With most peace activists, including politicians waxing eloquent on the 'positive aspects' of the truce signed on Feb 22, 2002, the Army headquarters says that 181 persons, mainly members of the security forces, police personnel including anti-LTTE Tamils, had been, "sacrificed on the altar of the cease fire agreement".
Added to these assassinations are a string of abductions that total, according to military statistics, to 1122. Extortions, car jacking, harassment to civilians and acts of provocation's against the military are a few of the accusations levelled against the rebels.
However, to opposition leader Ranil Wickremesinghe who signed the peace agreement with LTTE leader Velupillai Prabhakaran in his then capacity as the prime minister, nothing seems to be wrong except that he feels that "those with certain vested interests" are trying to provoke a war.
As to who these people with vested interests that the opposition leader is referring to no one is really certain, but there are indeed many who seem to be acting as if they want a war - with the LTTE topping the list.
The key battle of the Tamil Tigers these days seems to be with their former military leader Karuna, a fact accepted by peace activists in Colombo - who also agree that most of the ceasefire violations are carried out by the LTTE.
Their statements are based on the statistics of the Scandinavian truce monitors, the Sri Lanka Monitoring Mission (SLMM), which had received a total of 5,459 complaints against the Tigers up to December 31, 2004.
Meanwhile, the Government Peace Secretariat chief Jayantha Dhanapala, speaking at a ceremony to mark the 3rd anniversary of the peace process, said that the government was ready to start talking with the LTTE based on its controversial Interim Self Governing Authority (ISGA), which was once described by Foreign Minister Lakshman Kadirgamar as a blueprint for a separate Tamil state.

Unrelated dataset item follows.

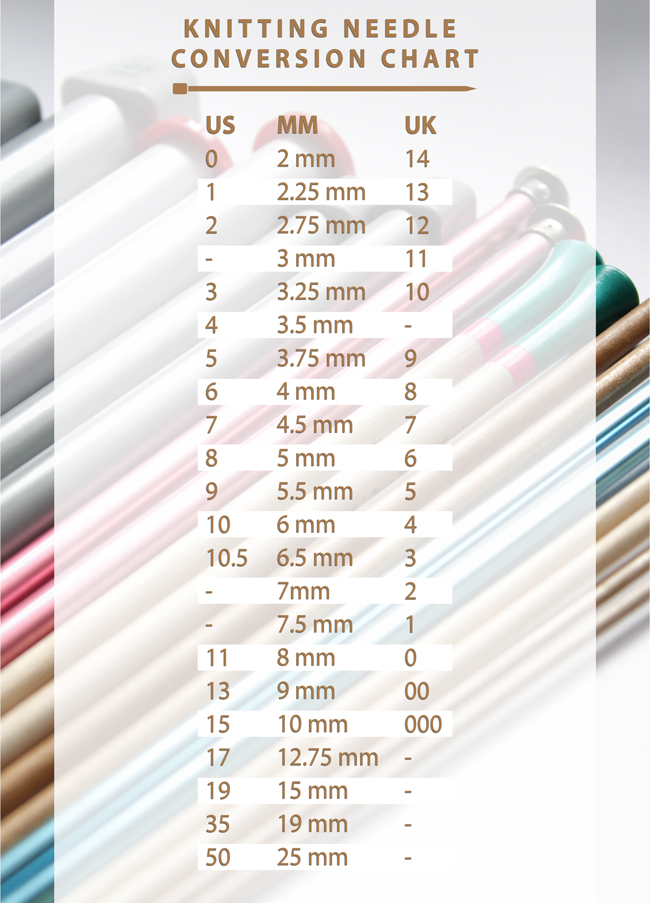 Eliminate needle size confusion with this handy conversion chart, showing you what US/UK/mm knitting needle sizes are equal to each other!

However, the discussions that the peace secretariat chief was referring to is presumed to be largely on a workable humanitarian mechanism between the government and the LTTE for tsunami rehabilitation in the disaster struck areas of north-east.

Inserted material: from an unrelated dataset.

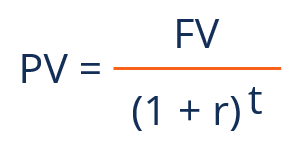 Discounting: Understanding Present Value & Future Cash Flows
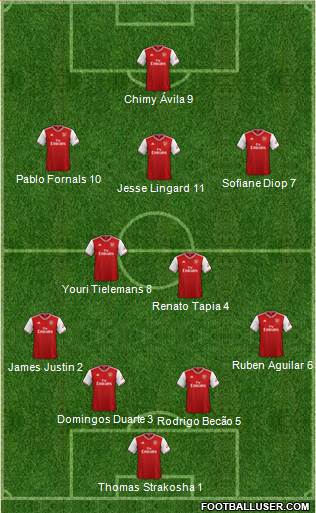 Arsenal Formation 2021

"How the government will co-ordinate with the LTTE on relief work in tsunami-hit areas of the north-east will have an impact on the peace process," says political analyst, Dr Jehan Perera, the Media Director of the National Peace Council.
Perera maintains that the past three years of peace has been seriously 'flawed' with human rights violations carried out by the LTTE. Meanwhile, the LTTE's breakaway leader, Karuna, has managed to upset the apple cart of the LTTE.
The LTTE's strategy is to characterize the assassinations carried out by the breakaway group as the work of the government on the grounds that they occur in government-controlled areas.
"Karuna is definitely a complication to the peace process, that is likely to slow any reverting to discussions between the LTTE and the government", adds Dr Pakiasothy Saravanamuthu, head of the Centre for Policy Alternatives, a Colombo-based organization which specifically deals with issues related to the ethnic conflict.
Dr Saravanamuthu wonders what may prevent the LTTE from carrying out blatant cease fire violations. He admits that the 'naming and shaming strategy' followed by the Scandanavian truce monitors has not seen much success.
Meanwhile, the Sri Lanka Monitoring Mission, (SLMM) chief, Hagrup Haukland, has said that the continued killings are jeopardizing the cease fire agreement. Maintaining that the lack of peace talks is putting a strain on the cease fire, the truce monitoring chief described as "a dangerous uncertainty", the present no-war, no-peace syndrome the country is plagued with.
The LTTE in a press conference in northern Killinochchi, however, has warned the government not to force the Tamil Tigers to abrogate the peace process. "If this present situation continues, there will be serious repercussions for the peace process", LTTE Political Wing head, S. P. Thamilchelvam, told Newsmen on Tuesday following a meeting between LTTE leaders and visiting Norwegian Special envoy, Erik Solheim.